- Exercise prompt
Please print, exactly, only the lines in the entries below from the line that has "If you are planning" through the line that has "Load image into". Pictures don't go in.

══ Dataset records

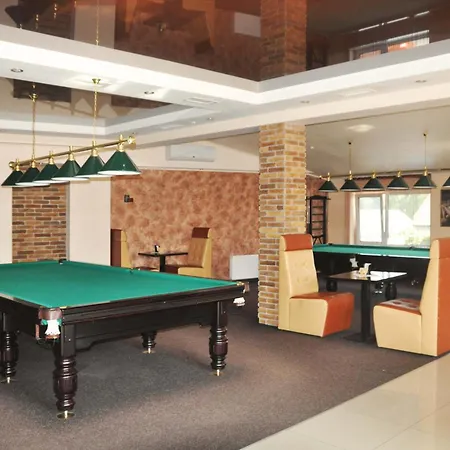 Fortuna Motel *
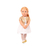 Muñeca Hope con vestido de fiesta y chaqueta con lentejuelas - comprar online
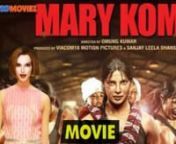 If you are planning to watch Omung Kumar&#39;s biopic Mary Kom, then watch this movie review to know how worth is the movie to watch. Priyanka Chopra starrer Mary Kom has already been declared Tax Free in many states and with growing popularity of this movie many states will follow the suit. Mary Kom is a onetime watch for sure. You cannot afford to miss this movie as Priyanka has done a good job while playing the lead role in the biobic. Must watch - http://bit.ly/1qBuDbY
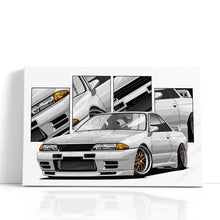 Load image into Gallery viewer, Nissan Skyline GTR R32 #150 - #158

════
══ Dataset records

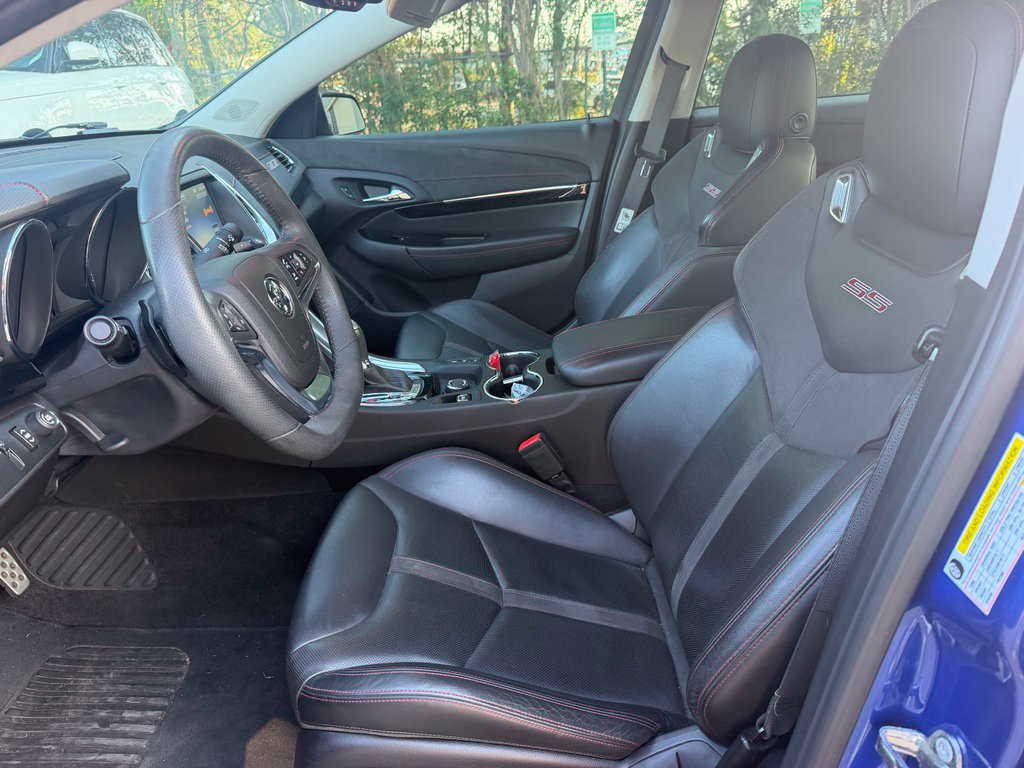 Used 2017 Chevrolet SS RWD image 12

════
══ Dataset records

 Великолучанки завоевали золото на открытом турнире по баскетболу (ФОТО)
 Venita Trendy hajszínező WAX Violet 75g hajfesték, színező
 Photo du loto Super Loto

════

- Exercise output
 If you are planning to watch Omung Kumar&#39;s biopic Mary Kom, then watch this movie review to know how worth is the movie to watch. Priyanka Chopra starrer Mary Kom has already been declared Tax Free in many states and with growing popularity of this movie many states will follow the suit. Mary Kom is a onetime watch for sure. You cannot afford to miss this movie as Priyanka has done a good job while playing the lead role in the biobic. Must watch - http://bit.ly/1qBuDbY
 Load image into Gallery viewer, Nissan Skyline GTR R32 #150 - #158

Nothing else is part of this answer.